Under a tent perched hundreds of feet above a freshly dug coal pit, about 200 miners, business leaders, and politicians celebrated amid the surge of enthusiasm for the industry. Mining headgear lay atop red, white, and blue table cloths labeled “Make Coal Great Again.”

Democratic Gov. Tom Wolf said the mine was part of an effort to bring back jobs and industry to the state. Pennsylvania awarded a $3 million grant for the project.

“We have not always capitalized on our standing as one of the world’s leaders in these resources, but we’re changing that,” Wolf said.

Trump has made reversing the decades-long decline in coal mining the central tenet of his environmental policy, blaming federal regulations aimed at curbing planet-warming carbon emissions for job losses in the industry.
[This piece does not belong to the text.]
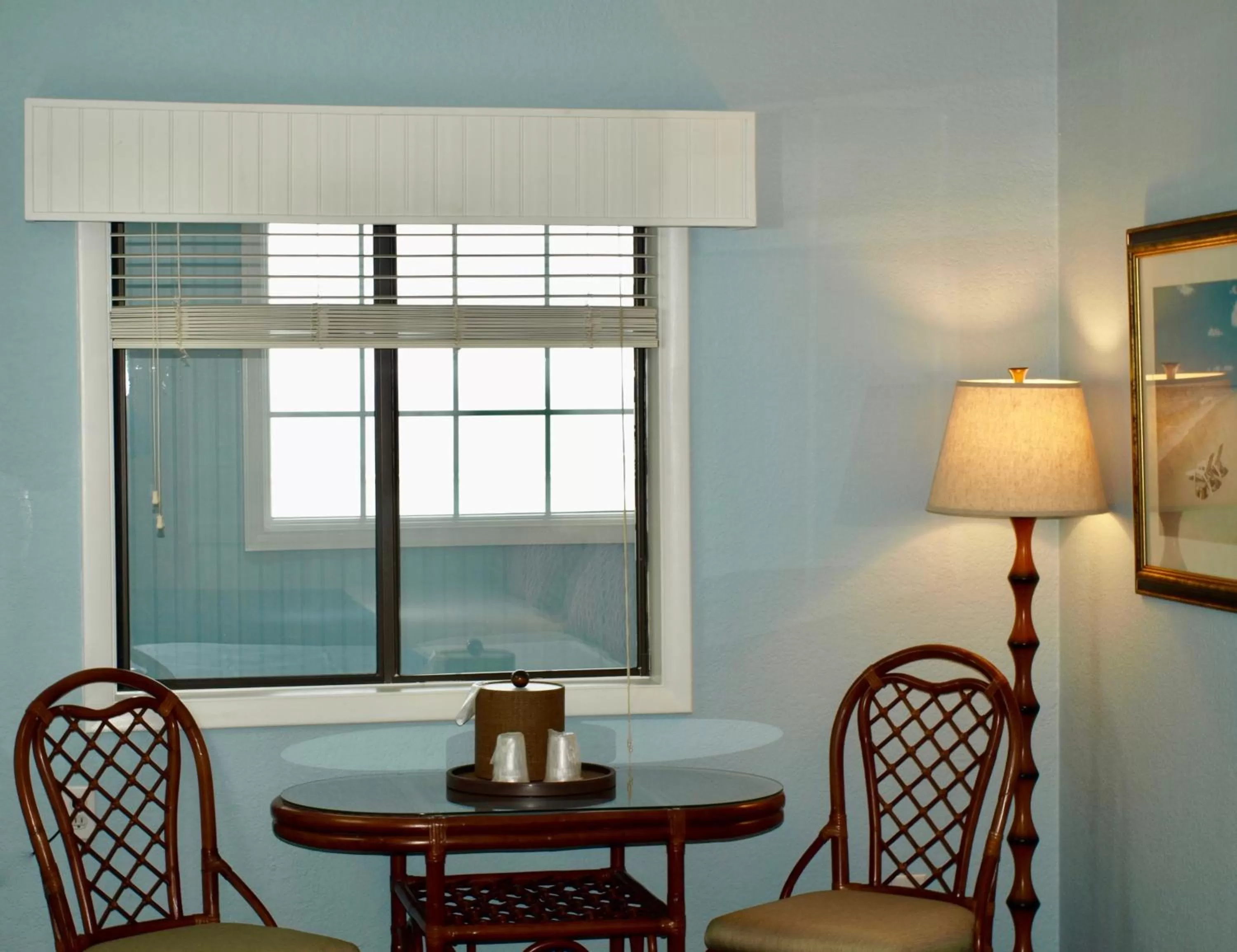 Seating Area in Atlantic View Hotel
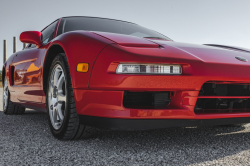 1998 Acura NSX in Formula Red over Black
Trump and Environmental Protection Agency Administrator Scott Pruitt have targeted laws that protected waterways from coal waste and required states to slash carbon emissions from power plants. About a dozen protesters chanted in opposition to the mine at the opening.

Hardest hit (besides Barry himself), Democrats with bylines at the San Francisco Chronicle, who whiffed the biggest catch of the 2008 election for partisan reasons, and Hillary Clinton, who cackled gleefully in March 2016 that she would “put a lot of coal miners and coal companies out of business,” if elected. Her quote was made in at a CNN town hall segment in Ohio, America’s “ninth largest coal producing state in 2013,” Big Government’s Michael Patrick Leahy wrote last year regarding Hillary’s devastating Kinsley-esque gaffe.

But then, I’m so old, I remember when Democrat presidential candidates vowed to create new jobs, not crush them.